In [None]:
# Object Detection in videos: Detect objects in video sequences using YOLO

In [None]:
pip install torch torchvision opencv-python yolov5

In [None]:
# Object Detection in Video with YOLOv5

import cv2
import torch
import numpy as np
from yolov5 import YOLOv5
# Import the cv2_imshow function from google.colab.patches
from google.colab.patches import cv2_imshow

# Load YOLOv5 model (e.g., yolov5s.pt for a small, fast model)
model_path = 'yolov5s.pt'  # Download from YOLOv5 repo if needed
device = 'cuda' if torch.cuda.is_available() else 'cpu'

# Initialize YOLO model
yolo_model = YOLOv5(model_path, device)

# Open the video file
cap = cv2.VideoCapture('/content/5538137-hd_1920_1080_25fps.mp4')

while cap.isOpened():
    ret, frame = cap.read()
    if not ret:
        break

    # Perform object detection
    results = yolo_model.predict(frame)

    # Loop over detected objects and draw bounding boxes
    for *xyxy, conf, cls in results.pred[0]:  # x1, y1, x2, y2, confidence, class
        # Access class names from results.names instead of yolo_model.names
        label = results.names[int(cls)]
        confidence = f"{conf:.2f}"

        # Draw bounding box
        cv2.rectangle(frame, (int(xyxy[0]), int(xyxy[1])), (int(xyxy[2]), int(xyxy[3])), (0, 255, 0), 2)

        # Put label and confidence on box
        cv2.putText(frame, f"{label} {confidence}", (int(xyxy[0]), int(xyxy[1]) - 10),
                    cv2.FONT_HERSHEY_SIMPLEX, 0.5, (0, 255, 0), 2)

    # Display the frame with detections using cv2_imshow instead of cv2.imshow
    cv2_imshow(frame)

    if cv2.waitKey(1) & 0xFF == ord('q'):
        break

cap.release()
cv2.destroyAllWindows()

Execution logic:

Here's a breakdown of each step:

### Step-by-Step Explanation

1. **Import Required Libraries**:
   - `cv2`: OpenCV library for video processing.
   - `torch`: PyTorch library to leverage CUDA if available.
   - `numpy`: Used for numerical operations, though not directly in this code.
   - `YOLOv5`: The YOLOv5 model for object detection.
   - `cv2_imshow`: Colab’s specific function to display images in notebooks.

2. **Model Path and Device Setup**:
   - `model_path`: Specifies the path to the YOLOv5 model file (`yolov5s.pt`).
   - `device`: Uses GPU if available (`cuda`), otherwise defaults to `cpu`.

3. **Initialize the YOLOv5 Model**:
   - `yolo_model`: Instantiates the YOLOv5 model with the specified path and device.
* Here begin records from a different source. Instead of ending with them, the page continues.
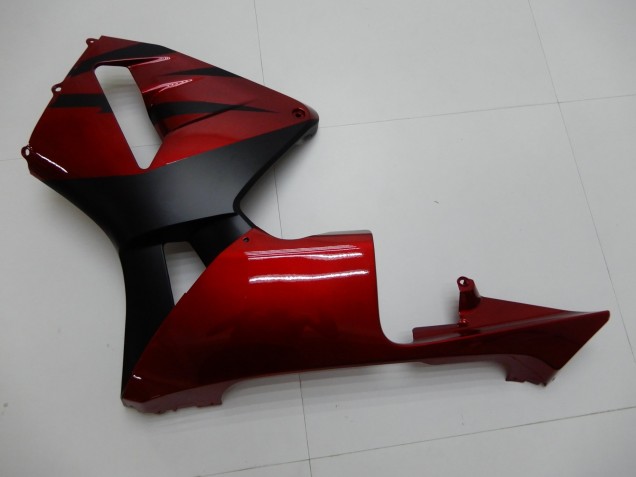 03-04 Red Black CBR600RR Motorcycle Bodywork 03-04 Red Black CBR600RR Motorcycle Bodywork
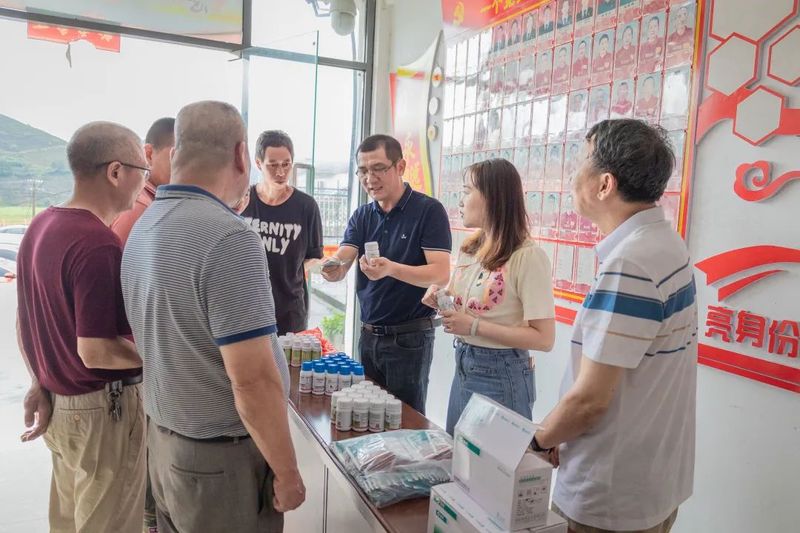 关于松溪县黄屯村生态茶园示范基地成立的信息(2)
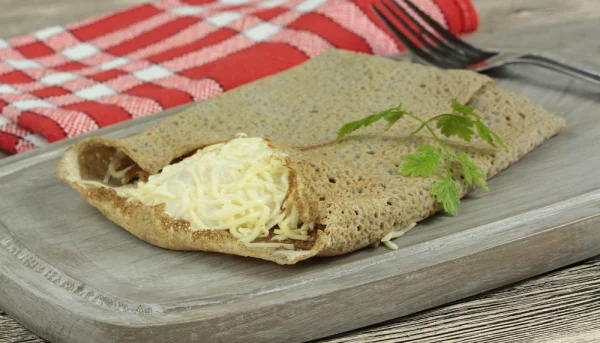 Crêpes aux trois fromages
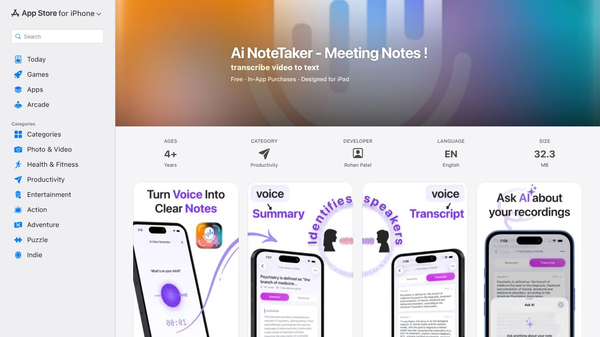 Ai NoteTaker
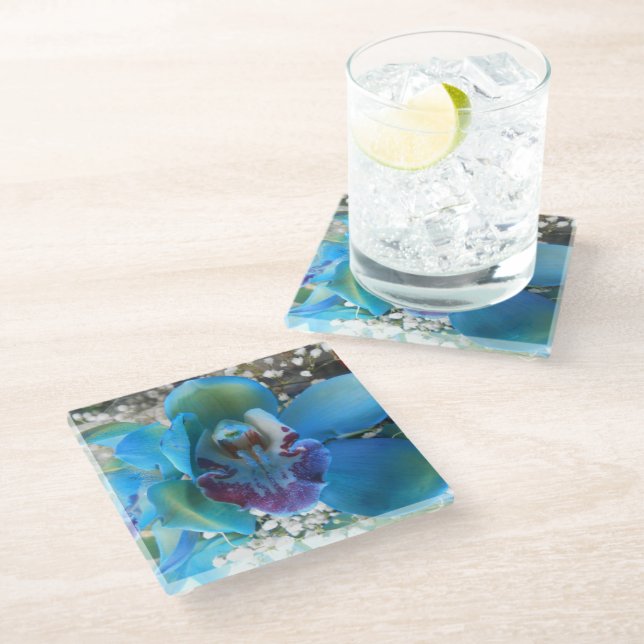 Donella Glass Coaster (Angled)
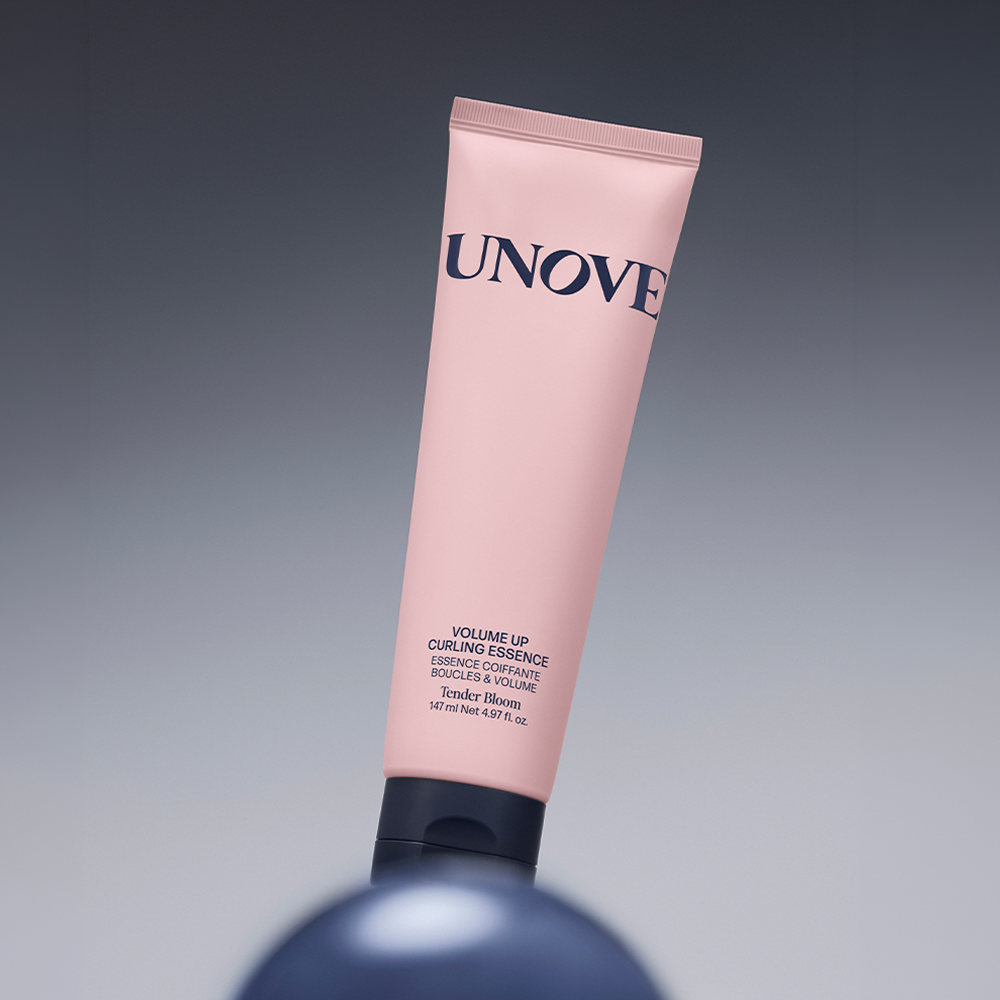 UNOVE Volume Up Curling Hair Essence 147ml - official product image 2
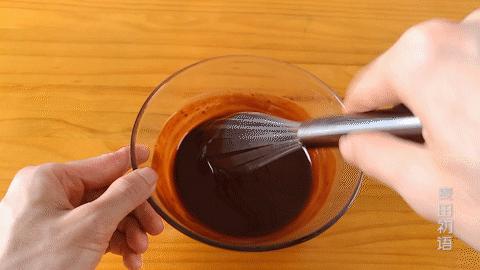 低脂巧克力布朗尼蛋糕,布朗尼巧克力制作教程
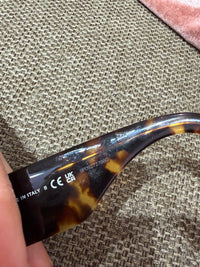 Lunettes miu miu marron 19/10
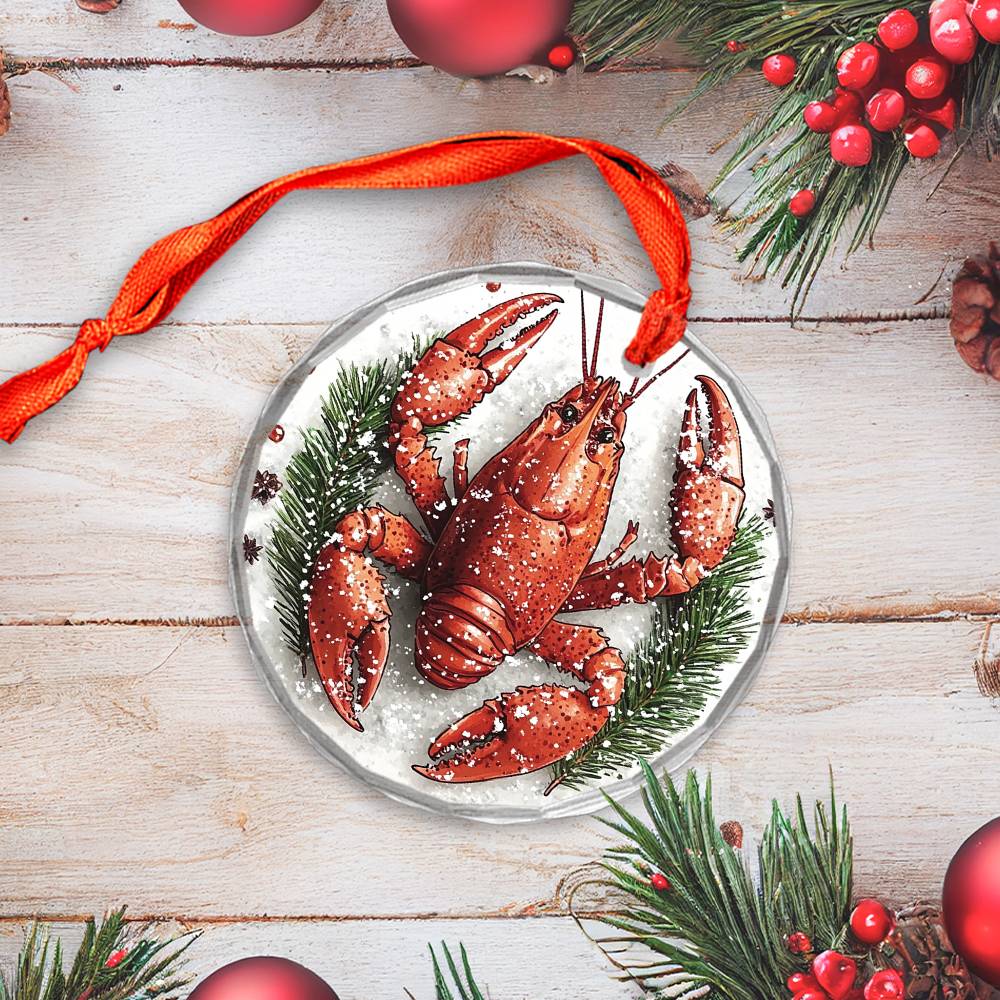 Boiled Crawfish Close up Design 1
The model can then be used to perform object detection.

4. **Open the Video File**:
   - `cv2.VideoCapture('/content/5538137-hd_1920_1080_25fps.mp4')`: Loads the video file for processing. Replace the path with your desired video file if different.

5. **Processing Each Frame**:
   - `cap.isOpened()`: Checks if the video capture object is successfully opened.
   - `cap.read()`: Reads each frame of the video one by one in a loop.
   - `if not ret`: If `ret` is `False`, it means the video has ended or an error occurred, so the loop breaks.

6. **Perform Object Detection**:
   - `results = yolo_model.predict(frame)`: Uses the YOLO model to detect objects in the current frame. The `results` object contains information about detected objects, including bounding box coordinates, confidence scores, and class labels.

7. **Draw Bounding Boxes and Labels**:
   - `for *xyxy, conf, cls in results.pred[0]`: Loops through each detected object in the frame.
     - `*xyxy`: Represents bounding box coordinates `(x1, y1, x2, y2)`.
     - `conf`: Confidence score of the detected object.
     - `cls`: Class index of the detected object.
   - `label = results.names[int(cls)]`: Retrieves the class label name using `results.names`.
   - `cv2.rectangle(...)`: Draws a bounding box around each detected object using coordinates `(x1, y1, x2, y2)`.
   - `cv2.putText(...)`: Adds the class label and confidence score above each bounding box.

8. **Display the Frame with Detections**:
   - `cv2_imshow(frame)`: Displays the processed frame with bounding boxes and labels in Google Colab.

9. **Exit Condition**:
   - `cv2.waitKey(1) & 0xFF == ord('q')`: Checks for the 'q' key press to quit the loop.
   - `cap.release()`: Releases the video capture object.
   - `cv2.destroyAllWindows()`: Closes all OpenCV windows (mainly used outside of Colab).